In the last section, we analysed the error analysis of our model. Three sentences were extracted from three datasets. The accuracy of No_char, No_att, and MFIF-ABSA were evaluated, respectively. The results are shown in Table 3, for example, in a context “Great food, but the service is dreadful.” The predicted polarity of the No_char and No_att about the aspects (food, service) does not match the true polarity of the sentiment, while MFIF-ABSA manages to analyse its sentiment tendency accurately. Moreover, in a context “The staff should be a bit more friendly,” No_att fails to get the right analysing result, while No_char and MFIF-ABSA get the right one. Finally, in a context “If you want good tasting, well seasoned aspect term eat at Cabana and you can't go wrong,” accuracy analysis of No_char is wrong, but that of No_att and MFIC-ABSA is right. The results of three cases prove that MFIF-ABSA has a significant advantage in sentiment analysis than that of No_char and No_att models.

6. Conclusions

In this paper, we proposed a multifeature interactive fusion model for aspect-based sentiment analysis model, which not only puts the aspect information and context information into the model separately, but also uses character-level embedding to extract subtler feature information, and a feature interaction strategy is proposed to model hierarchical information in sentences. Finally, on the basis of feature interaction strategy, the attention mechanism is integrated to enhance the role of important features in classification.

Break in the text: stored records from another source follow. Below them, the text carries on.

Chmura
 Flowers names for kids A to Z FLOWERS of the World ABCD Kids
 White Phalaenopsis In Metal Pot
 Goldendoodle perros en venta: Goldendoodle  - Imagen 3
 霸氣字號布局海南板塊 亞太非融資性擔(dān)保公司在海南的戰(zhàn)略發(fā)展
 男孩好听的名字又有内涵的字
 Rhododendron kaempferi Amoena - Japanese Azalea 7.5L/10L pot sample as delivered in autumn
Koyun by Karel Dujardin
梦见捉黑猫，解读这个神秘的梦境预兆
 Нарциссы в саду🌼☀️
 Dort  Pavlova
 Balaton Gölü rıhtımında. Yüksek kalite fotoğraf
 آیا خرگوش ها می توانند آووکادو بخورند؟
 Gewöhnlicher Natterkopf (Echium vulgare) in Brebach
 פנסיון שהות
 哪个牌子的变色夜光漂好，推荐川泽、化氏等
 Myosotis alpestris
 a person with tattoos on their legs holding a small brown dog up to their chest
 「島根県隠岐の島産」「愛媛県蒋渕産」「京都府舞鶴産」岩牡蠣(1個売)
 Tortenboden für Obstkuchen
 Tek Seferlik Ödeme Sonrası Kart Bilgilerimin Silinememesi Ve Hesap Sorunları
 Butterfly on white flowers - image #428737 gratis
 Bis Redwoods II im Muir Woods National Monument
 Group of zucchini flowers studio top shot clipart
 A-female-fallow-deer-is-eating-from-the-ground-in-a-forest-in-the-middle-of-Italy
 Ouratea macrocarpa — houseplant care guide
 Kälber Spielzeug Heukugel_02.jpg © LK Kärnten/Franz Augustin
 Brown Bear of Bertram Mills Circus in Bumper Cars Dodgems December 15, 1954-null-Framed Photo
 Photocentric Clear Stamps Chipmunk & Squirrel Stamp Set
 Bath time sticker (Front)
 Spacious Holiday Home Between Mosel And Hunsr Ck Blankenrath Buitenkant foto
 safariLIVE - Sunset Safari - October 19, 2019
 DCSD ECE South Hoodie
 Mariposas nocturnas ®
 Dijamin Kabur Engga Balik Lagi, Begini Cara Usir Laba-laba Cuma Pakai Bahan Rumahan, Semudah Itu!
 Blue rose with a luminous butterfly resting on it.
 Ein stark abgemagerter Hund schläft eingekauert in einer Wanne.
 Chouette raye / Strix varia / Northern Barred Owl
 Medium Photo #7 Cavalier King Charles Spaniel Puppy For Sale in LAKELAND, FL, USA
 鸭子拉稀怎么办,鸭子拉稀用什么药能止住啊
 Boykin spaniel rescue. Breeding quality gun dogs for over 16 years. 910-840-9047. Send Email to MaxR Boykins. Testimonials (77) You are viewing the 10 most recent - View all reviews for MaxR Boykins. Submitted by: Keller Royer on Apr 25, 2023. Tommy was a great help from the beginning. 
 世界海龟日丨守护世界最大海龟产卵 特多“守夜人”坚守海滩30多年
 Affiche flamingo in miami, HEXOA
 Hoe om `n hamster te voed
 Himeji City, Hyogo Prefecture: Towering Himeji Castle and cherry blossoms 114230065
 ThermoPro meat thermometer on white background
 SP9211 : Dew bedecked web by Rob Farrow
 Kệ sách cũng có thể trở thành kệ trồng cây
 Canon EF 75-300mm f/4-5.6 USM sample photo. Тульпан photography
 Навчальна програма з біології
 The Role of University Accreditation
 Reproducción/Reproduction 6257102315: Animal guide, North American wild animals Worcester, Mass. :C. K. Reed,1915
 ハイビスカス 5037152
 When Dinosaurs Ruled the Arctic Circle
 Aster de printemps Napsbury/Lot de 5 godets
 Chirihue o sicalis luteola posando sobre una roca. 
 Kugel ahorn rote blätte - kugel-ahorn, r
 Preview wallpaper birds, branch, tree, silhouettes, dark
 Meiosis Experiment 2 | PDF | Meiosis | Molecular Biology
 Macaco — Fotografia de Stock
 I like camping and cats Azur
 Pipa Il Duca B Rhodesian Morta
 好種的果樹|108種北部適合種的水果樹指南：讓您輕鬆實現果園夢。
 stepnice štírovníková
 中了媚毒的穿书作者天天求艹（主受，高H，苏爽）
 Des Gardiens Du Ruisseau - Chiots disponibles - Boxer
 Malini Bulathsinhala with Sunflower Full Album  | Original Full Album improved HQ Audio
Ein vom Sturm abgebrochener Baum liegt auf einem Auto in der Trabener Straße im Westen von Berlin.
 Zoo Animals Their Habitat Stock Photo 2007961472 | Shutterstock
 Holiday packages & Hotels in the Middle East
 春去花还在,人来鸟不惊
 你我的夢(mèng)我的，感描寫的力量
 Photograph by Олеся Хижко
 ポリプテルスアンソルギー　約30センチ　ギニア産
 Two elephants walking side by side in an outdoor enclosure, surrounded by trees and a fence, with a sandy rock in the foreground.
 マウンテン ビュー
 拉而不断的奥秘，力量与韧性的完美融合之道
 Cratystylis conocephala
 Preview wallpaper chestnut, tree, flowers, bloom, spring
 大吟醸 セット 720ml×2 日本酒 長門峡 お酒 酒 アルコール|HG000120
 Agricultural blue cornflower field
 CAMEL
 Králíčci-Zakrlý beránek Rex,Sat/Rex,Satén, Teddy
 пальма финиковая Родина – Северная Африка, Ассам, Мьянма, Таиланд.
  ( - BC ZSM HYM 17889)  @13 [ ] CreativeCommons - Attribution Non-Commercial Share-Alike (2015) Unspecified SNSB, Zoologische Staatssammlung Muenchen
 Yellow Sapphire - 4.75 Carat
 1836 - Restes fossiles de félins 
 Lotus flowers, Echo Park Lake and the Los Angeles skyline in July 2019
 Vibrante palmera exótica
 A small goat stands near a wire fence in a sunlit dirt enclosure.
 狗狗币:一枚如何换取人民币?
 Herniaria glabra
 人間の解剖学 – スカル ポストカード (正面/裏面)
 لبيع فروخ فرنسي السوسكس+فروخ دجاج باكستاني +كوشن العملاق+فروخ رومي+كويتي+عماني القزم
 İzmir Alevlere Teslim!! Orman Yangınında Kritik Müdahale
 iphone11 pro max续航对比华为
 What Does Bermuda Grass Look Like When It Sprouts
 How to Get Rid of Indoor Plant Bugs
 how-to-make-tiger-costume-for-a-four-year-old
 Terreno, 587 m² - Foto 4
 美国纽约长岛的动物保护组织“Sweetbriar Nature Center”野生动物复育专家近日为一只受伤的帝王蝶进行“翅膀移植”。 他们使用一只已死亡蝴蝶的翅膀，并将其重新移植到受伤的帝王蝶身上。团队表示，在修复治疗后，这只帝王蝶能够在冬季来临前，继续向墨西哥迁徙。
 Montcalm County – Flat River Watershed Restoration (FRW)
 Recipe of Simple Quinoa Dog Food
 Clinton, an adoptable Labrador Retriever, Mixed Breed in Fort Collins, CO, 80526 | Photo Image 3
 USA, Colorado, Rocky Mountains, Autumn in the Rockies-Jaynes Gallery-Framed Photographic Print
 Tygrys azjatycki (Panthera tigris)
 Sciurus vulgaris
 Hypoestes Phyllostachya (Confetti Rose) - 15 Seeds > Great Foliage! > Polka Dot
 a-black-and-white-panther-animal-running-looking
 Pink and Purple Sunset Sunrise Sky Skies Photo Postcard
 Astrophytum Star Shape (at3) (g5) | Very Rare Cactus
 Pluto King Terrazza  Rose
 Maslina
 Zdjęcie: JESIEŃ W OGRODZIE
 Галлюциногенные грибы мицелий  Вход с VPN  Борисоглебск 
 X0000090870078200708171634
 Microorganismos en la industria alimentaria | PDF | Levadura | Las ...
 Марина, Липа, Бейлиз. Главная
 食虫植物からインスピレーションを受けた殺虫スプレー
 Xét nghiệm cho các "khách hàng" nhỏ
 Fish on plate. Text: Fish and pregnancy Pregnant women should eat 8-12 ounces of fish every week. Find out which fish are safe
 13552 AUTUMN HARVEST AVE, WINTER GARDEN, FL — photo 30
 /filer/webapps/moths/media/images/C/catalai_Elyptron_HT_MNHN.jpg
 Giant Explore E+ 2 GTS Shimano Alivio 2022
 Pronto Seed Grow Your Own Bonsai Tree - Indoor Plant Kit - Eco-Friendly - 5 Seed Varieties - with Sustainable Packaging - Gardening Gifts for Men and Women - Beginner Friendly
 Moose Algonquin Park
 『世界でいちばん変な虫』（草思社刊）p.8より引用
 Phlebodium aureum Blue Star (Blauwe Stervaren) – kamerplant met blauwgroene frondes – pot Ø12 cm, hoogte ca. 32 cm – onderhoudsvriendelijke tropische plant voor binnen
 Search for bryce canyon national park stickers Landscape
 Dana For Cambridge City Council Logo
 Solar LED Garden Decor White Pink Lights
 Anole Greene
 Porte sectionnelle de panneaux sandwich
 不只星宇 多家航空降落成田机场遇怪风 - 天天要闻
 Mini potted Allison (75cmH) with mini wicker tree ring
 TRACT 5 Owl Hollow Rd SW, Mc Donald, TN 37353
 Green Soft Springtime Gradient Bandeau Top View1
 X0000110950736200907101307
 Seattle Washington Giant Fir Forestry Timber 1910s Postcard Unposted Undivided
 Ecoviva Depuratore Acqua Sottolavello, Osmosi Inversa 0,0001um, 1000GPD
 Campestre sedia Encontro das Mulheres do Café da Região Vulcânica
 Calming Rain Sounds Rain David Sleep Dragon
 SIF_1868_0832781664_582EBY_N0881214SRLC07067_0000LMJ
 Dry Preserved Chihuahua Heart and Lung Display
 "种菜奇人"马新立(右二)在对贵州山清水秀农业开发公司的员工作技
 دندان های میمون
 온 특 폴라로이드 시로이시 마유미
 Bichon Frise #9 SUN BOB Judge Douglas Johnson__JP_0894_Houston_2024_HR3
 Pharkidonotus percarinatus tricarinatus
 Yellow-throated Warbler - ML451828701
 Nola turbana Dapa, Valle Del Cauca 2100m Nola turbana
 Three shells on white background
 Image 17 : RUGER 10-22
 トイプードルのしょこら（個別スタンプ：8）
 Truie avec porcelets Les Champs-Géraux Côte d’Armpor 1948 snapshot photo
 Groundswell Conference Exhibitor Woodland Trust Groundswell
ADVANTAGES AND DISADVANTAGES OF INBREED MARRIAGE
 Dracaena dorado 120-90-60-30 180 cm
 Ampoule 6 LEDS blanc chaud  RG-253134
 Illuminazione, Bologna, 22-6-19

Through our experiments, the performance of our model is better than other baselines. In the future, we will evaluate the performance of our model in other datasets and explore whether character embedding has a positive effect on other tasks in natural language processing or not.

Data Availability

The data used to support the findings of this study are available from the corresponding author upon request.

Conflicts of Interest

The authors declare that there are no conflicts of interest regarding the publication of this paper.

Acknowledgments

This research was supported by National Natural Science Foundation of China (grant nos. 61772211 and 61503143).